If I was accused of being disrespectful, just who was I being disrespectful to? To the person arguing with the women on Facebook about women and their qualifications to speak in a mosque and how we should not just have a token woman to even the balance? My op-ed piece was not a personal attack, but even if it was, the point was not to attack, but to expose falsehood and educate rather than validate a score of incendiary personal opinions based on personal conjecture. Sure, I described the argument, and my responses to it. The original piece was an editor-approved personal response to a phenomena we see in our society and this is an editor-commissioned personal response to the reaction of what happened after it was published and how certain voices are silenced in our community, and I myself was silenced for it.

But when does the silencing stop?

Do I need to be from a sayyed family and go straight to hawza after high school? Should I have been a former choir girl who found love and Islam in college and married, converted, studied and birthed young? Should I have lain at my father’s and grandfather’s feet all my life and absorbed all their knowledge? Do I need a credential to speak on who should speak?

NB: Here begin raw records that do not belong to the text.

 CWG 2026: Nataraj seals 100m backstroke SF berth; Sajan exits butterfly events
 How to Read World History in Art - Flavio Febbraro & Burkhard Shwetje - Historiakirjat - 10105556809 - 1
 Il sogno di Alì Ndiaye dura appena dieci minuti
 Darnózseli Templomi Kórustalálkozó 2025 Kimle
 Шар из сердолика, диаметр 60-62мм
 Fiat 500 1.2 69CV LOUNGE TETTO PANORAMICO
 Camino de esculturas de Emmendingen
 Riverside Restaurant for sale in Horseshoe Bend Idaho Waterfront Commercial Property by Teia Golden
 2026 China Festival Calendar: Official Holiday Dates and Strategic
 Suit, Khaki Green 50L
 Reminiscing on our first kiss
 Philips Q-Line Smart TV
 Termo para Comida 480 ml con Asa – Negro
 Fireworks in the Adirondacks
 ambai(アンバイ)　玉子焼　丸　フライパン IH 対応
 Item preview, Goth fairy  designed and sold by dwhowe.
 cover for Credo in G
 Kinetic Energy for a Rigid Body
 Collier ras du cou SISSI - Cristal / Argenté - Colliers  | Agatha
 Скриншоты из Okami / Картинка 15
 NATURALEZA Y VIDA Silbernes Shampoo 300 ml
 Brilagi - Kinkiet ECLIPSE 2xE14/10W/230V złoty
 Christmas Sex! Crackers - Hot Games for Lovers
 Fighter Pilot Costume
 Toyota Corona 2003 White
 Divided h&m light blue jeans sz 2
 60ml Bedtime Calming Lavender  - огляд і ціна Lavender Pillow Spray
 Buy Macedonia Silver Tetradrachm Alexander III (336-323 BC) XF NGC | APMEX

As a woman who did not graduate from hawza herself due to illness and its unexpected aftermaths, but who came to Islam rather late in life after a long and continuous call, who has a degree in anthropology, who has studied Arabic and comparative philosophy and religion, who has visited and even lived in the the Middle East several times for short periods, lived in New York City, worked in the media, education and publishing industries, is extremely well-rounded, educated, cultured and intellectual, who lives to read and reads to live, is a professionally-trained writer and editor, and knows eight languages in varyingly bad degrees, am I not allowed to speak on Islam? And if not me, then who is?